Most Helpful Customer Reviews

127 of 130 people found the following review helpful By Gary F. Taylor HALL OF FAMETOP 500 REVIEWERVINE VOICE on May 14, 2002
Format: Paperback
At the time of her death, Eudora Welty of Mississippi was generally considered America's greatest living author. Although Welty made her reputation with and is best remembered for her remarkable short stories, she also wrote a number of novels, including THE OPTIMIST'S DAUGHTER, for which she was awarded the Pulitzer Prize.
As seen in reviews posted here, THE OPTIMIST'S DAUGHTER provokes a very divided response in readers. This largely due to the nature of the work, which is character rather than plot driven, and which although quite short requires a slow reading in order to develop clearly in mind. Perhaps more so than in any other work, Welty writes "below the surface" here: the story itself, which concerns a daughter who returns to her tiny Mississippi home town when her respected father dies, is quite slight--but Welty endows it with a surprising depth of meaning, transforming what would otherwise be pure character study into a sharply focused and deeply moving statement on the nature of love, loss, life, and the passage of time we must all endure.

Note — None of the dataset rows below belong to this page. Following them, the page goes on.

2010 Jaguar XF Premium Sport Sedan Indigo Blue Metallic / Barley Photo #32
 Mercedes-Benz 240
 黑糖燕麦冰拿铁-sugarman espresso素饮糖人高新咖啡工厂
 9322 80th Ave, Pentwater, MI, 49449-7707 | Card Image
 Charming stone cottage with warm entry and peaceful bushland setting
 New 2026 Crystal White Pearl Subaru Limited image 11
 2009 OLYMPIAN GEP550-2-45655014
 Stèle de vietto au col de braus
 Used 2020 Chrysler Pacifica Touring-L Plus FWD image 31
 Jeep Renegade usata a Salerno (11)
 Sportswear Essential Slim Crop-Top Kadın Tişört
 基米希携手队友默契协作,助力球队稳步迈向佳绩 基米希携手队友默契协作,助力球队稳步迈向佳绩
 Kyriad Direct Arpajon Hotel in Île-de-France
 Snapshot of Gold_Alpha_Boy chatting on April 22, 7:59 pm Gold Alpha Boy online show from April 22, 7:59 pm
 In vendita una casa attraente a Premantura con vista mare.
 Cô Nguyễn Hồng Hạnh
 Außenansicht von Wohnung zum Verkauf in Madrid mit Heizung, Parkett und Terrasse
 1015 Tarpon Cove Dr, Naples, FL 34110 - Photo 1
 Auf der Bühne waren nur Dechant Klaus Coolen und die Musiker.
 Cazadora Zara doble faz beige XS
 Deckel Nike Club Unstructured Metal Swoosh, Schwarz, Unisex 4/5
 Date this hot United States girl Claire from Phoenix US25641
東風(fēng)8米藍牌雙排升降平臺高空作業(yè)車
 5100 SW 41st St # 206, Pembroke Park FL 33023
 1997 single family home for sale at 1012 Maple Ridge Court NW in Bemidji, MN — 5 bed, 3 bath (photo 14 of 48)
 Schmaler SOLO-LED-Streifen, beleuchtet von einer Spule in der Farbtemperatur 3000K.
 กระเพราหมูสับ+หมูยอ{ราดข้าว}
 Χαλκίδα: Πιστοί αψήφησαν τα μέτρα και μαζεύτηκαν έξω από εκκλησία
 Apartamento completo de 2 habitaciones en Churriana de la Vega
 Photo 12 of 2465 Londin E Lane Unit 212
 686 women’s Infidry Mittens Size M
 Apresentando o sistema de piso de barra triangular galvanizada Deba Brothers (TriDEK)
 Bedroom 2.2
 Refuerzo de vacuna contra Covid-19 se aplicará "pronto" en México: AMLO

Although written in a deceptively simple style, THE OPTIMIST'S DAUGHTER is the mature work of a master. Given the nature of the piece, I do not think it can be much appreciated by young adults; one requires the perspective of at least middle age to fully grasp both its delicacy and beauty. But once that perspective is acquired, THE OPTIMIST'S DAUGHTER should move immediately to the top of every serious reader's list. Strongly recommended.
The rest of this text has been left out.